**To do:**
The answer must consist solely of the lines below starting at the one containing "Annie rhoades online" and ending at the one containing "2015 Ford F-250", repeated exactly, with both ends included and all pictures omitted.

**Given data:**

= = = = = = =

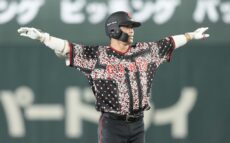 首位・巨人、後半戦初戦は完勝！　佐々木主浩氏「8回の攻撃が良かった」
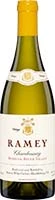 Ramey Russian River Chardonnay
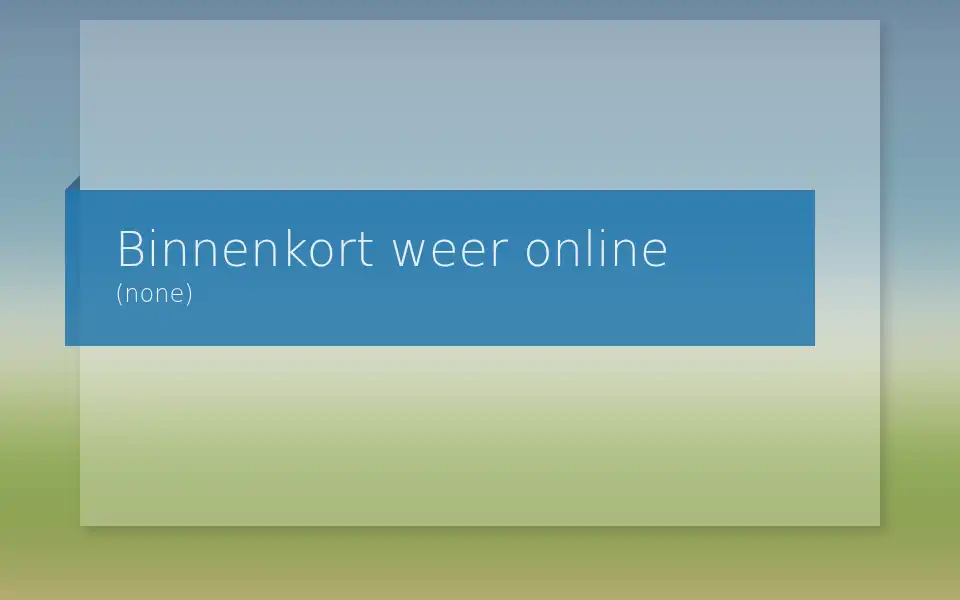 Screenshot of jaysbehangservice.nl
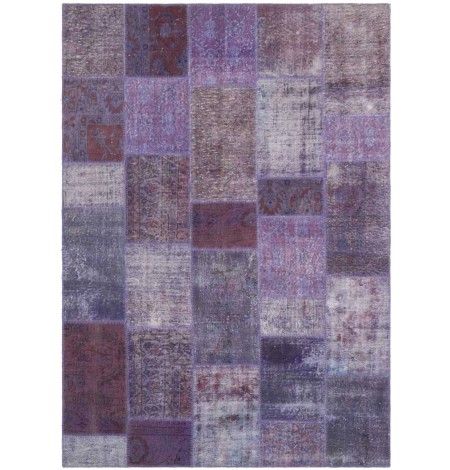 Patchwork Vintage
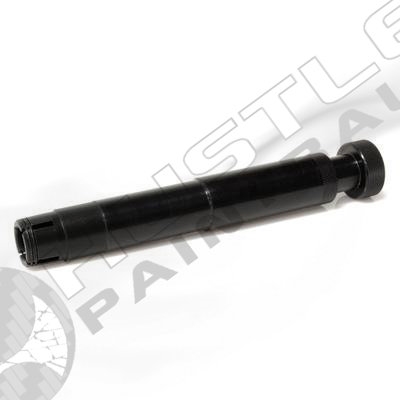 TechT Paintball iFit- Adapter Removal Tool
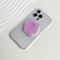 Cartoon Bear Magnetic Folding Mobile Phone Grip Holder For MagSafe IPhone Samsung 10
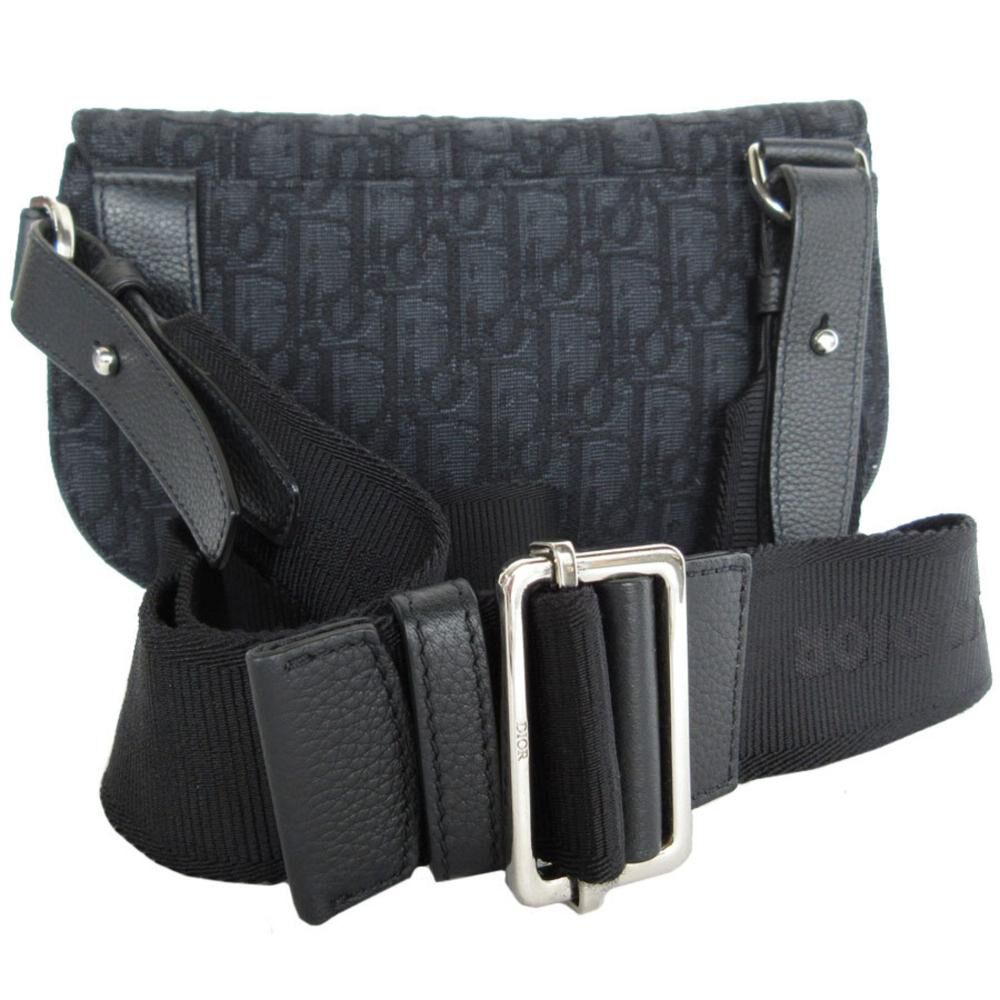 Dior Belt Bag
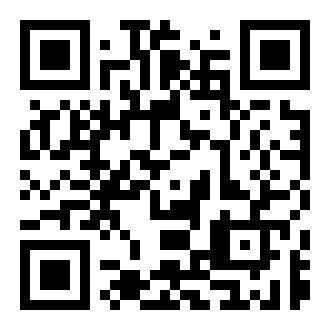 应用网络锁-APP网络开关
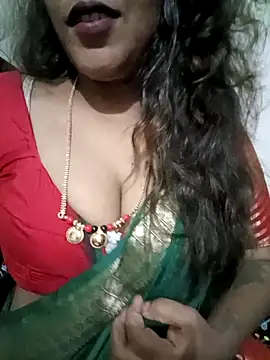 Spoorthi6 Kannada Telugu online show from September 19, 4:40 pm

= = = = = = =

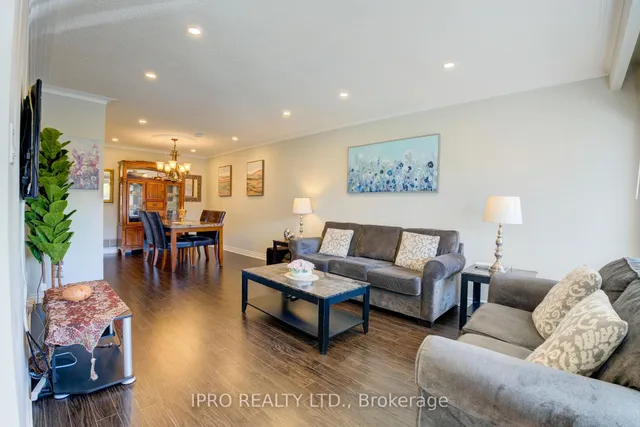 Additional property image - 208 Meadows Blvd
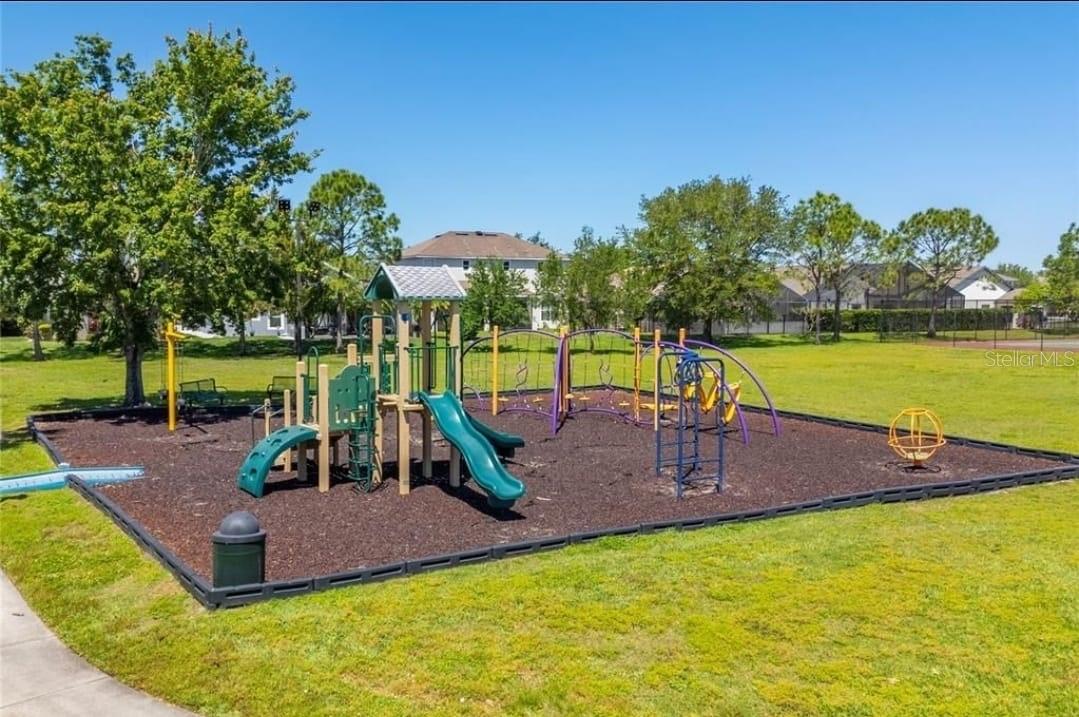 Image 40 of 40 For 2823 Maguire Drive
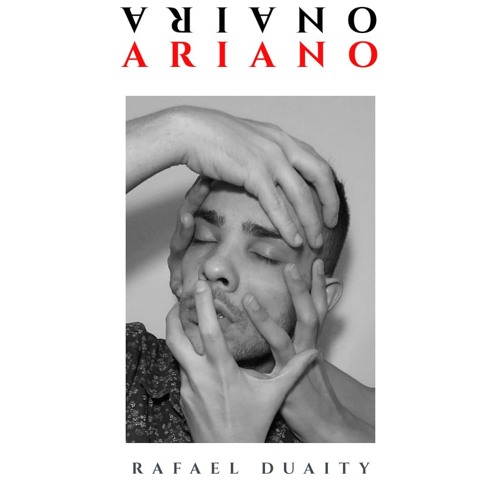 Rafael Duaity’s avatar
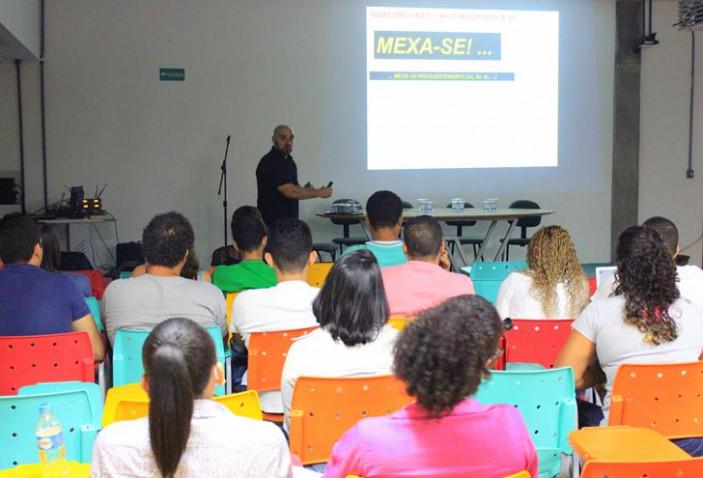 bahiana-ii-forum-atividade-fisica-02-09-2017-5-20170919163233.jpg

= = = = = = =

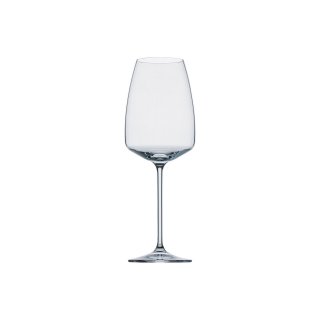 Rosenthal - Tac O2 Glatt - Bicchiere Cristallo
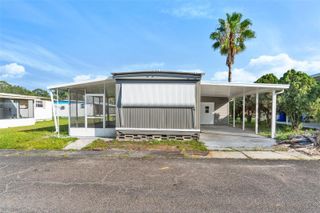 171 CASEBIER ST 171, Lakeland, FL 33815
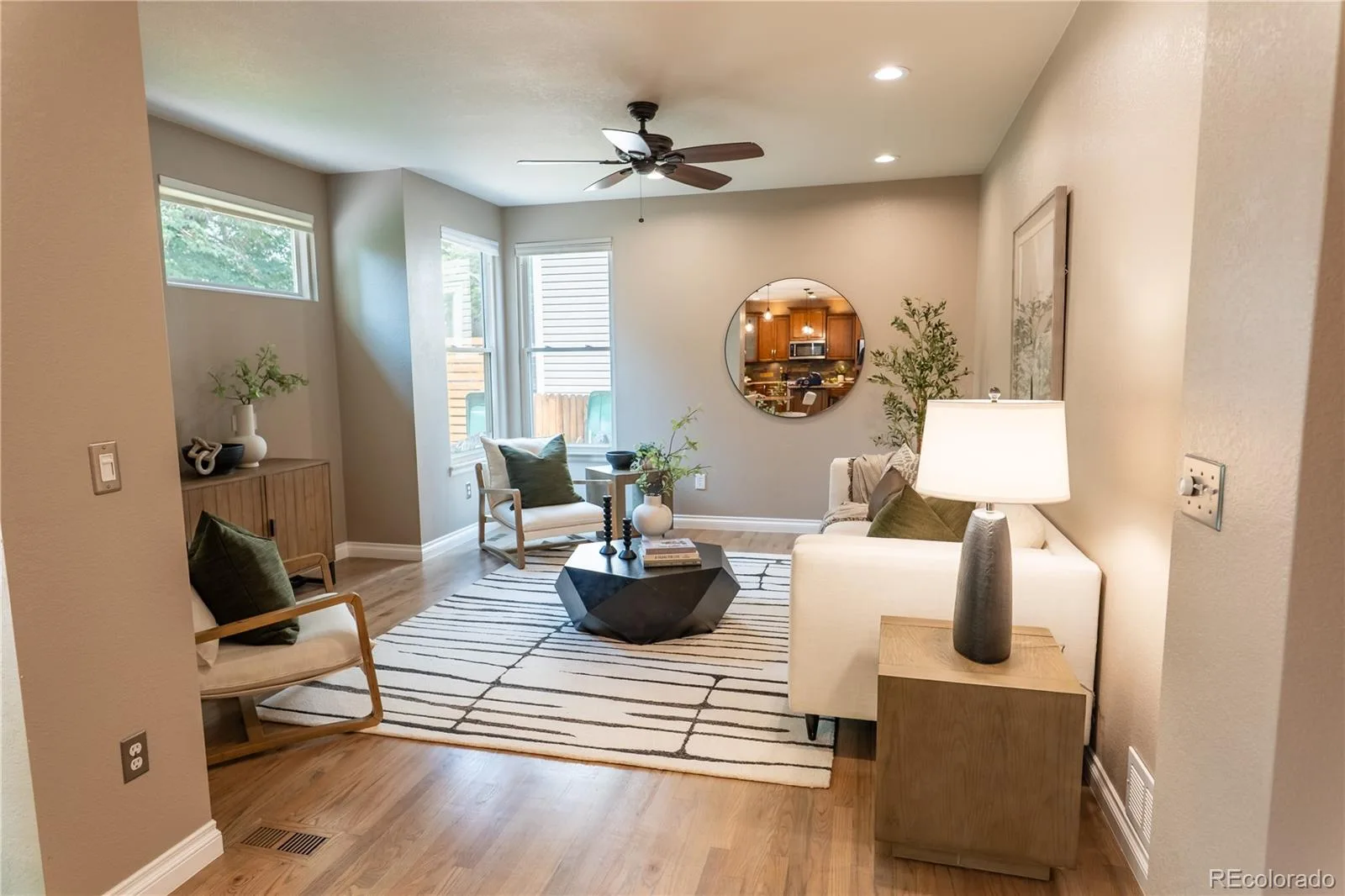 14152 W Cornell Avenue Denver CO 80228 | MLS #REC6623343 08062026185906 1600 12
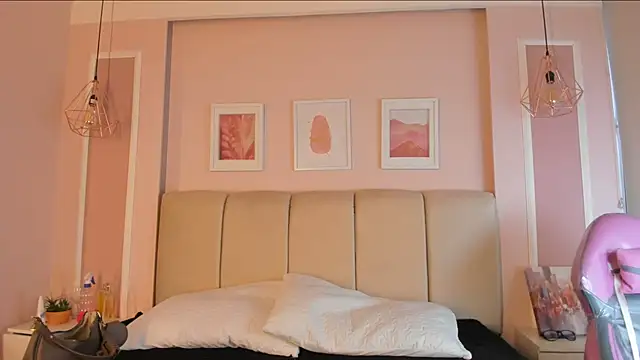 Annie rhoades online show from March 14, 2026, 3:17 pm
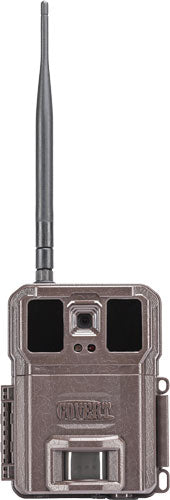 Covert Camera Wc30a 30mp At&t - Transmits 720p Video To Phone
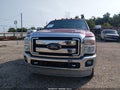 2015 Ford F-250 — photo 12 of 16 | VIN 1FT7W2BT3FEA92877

= = = = = = =

**Exercise result:**
 Annie rhoades online show from March 14, 2026, 3:17 pm
 Covert Camera Wc30a 30mp At&t - Transmits 720p Video To Phone
 2015 Ford F-250 — photo 12 of 16 | VIN 1FT7W2BT3FEA92877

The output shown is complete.